■ What you are asked to do ■
Locate every line in the records below that contains the word "Heart", and copy each one.

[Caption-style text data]
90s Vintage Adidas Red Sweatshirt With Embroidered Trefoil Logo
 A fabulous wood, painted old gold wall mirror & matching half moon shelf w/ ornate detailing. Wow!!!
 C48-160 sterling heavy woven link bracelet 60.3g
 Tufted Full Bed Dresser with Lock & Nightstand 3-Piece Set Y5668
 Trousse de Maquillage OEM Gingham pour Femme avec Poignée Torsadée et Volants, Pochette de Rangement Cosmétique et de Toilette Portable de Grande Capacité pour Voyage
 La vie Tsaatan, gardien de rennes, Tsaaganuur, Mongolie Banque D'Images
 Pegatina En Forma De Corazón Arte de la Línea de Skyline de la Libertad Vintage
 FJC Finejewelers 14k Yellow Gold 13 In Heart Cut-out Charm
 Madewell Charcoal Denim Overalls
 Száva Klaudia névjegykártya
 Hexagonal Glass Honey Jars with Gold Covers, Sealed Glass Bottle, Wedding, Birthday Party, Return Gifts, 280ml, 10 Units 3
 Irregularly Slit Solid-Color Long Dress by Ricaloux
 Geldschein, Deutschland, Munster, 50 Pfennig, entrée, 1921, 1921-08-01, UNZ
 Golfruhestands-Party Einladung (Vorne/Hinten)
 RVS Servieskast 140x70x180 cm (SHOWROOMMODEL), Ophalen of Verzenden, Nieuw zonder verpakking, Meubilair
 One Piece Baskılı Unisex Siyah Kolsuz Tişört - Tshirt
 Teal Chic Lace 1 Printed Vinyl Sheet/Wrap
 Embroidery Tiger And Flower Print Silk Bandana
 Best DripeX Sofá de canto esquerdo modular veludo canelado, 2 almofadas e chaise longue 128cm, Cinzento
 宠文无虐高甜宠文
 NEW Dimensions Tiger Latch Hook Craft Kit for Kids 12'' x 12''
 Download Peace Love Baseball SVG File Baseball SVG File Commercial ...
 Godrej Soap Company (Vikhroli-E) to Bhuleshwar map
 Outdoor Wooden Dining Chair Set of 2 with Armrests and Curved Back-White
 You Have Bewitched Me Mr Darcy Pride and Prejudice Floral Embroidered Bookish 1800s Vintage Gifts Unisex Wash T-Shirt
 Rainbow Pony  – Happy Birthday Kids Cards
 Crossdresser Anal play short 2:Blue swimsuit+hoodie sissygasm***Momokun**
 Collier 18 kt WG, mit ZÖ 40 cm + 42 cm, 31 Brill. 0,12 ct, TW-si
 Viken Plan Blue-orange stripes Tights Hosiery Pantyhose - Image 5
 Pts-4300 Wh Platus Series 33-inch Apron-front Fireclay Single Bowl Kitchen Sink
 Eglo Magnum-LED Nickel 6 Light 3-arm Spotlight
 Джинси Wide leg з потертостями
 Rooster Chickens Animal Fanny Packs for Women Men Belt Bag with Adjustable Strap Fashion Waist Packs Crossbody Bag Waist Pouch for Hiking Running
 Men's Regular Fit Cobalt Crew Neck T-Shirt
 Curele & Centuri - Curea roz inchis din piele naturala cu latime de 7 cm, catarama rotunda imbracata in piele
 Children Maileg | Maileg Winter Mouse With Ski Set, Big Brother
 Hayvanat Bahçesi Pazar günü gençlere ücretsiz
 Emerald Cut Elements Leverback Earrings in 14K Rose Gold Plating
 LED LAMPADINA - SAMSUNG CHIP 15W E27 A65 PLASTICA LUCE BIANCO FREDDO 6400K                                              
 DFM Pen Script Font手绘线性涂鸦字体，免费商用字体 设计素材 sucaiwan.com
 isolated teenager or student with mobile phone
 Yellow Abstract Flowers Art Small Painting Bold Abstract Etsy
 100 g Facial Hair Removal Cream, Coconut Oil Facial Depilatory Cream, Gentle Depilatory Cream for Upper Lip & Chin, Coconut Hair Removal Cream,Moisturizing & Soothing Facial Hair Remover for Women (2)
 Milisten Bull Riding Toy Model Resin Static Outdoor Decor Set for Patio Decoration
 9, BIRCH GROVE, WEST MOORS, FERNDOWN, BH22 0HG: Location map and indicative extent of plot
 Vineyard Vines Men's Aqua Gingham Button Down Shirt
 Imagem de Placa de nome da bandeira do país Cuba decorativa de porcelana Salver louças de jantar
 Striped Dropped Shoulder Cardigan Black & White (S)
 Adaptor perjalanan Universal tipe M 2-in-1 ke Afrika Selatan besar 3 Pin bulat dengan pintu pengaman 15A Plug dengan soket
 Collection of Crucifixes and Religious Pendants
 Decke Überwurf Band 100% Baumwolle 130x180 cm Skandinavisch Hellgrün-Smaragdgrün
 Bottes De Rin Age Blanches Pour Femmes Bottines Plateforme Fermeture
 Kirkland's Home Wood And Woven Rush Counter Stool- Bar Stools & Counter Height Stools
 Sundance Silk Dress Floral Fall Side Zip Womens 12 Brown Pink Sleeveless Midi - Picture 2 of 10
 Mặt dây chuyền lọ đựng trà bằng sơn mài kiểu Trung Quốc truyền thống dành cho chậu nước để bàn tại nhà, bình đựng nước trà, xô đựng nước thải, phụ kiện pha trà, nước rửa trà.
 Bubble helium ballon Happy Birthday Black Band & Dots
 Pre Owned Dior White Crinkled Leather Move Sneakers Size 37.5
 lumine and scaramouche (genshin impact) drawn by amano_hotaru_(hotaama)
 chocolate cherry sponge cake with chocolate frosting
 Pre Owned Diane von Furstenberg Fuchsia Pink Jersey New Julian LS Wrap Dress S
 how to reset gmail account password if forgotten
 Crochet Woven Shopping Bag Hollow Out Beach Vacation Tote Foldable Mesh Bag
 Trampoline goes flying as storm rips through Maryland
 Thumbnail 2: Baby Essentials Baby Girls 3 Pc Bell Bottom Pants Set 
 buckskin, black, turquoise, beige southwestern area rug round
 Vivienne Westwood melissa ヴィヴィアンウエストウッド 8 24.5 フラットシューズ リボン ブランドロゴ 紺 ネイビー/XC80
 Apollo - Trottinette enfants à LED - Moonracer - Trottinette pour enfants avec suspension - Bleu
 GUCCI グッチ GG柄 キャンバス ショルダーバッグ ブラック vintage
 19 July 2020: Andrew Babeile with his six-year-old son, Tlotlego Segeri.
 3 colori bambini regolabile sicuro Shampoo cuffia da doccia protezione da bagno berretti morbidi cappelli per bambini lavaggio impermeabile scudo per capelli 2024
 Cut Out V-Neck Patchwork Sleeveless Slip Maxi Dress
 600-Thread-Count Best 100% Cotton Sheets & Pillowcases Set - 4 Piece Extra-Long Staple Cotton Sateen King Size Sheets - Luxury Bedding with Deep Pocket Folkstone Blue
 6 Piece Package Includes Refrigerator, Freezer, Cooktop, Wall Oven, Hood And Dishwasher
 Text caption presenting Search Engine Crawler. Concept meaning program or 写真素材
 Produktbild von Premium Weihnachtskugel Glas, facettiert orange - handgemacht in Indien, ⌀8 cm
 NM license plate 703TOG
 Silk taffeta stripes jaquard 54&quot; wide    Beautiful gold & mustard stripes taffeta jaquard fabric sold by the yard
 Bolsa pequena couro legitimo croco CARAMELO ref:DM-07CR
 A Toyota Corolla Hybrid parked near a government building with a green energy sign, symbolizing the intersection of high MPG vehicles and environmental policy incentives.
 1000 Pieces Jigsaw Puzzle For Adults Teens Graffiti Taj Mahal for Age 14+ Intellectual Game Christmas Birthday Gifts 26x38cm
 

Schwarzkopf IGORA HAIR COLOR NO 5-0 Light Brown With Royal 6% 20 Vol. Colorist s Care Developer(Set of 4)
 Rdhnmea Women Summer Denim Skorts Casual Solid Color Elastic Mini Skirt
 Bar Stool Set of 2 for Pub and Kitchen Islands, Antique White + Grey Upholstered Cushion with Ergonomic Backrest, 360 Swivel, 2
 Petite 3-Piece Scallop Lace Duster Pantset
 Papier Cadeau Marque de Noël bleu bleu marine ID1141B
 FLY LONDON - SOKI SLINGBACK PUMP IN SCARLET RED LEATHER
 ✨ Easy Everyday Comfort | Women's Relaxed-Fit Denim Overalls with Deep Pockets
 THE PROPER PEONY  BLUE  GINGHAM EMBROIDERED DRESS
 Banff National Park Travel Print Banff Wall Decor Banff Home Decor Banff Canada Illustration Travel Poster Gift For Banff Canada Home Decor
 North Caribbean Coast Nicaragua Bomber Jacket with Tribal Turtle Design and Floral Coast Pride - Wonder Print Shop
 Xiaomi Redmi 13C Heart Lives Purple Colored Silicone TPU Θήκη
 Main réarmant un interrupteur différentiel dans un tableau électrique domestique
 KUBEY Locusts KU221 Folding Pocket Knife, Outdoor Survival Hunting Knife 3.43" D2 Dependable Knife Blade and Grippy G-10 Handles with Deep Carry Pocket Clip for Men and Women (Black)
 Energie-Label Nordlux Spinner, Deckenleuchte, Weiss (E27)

■ Response area ■
 FJC Finejewelers 14k Yellow Gold 13 In Heart Cut-out Charm
 Xiaomi Redmi 13C Heart Lives Purple Colored Silicone TPU Θήκη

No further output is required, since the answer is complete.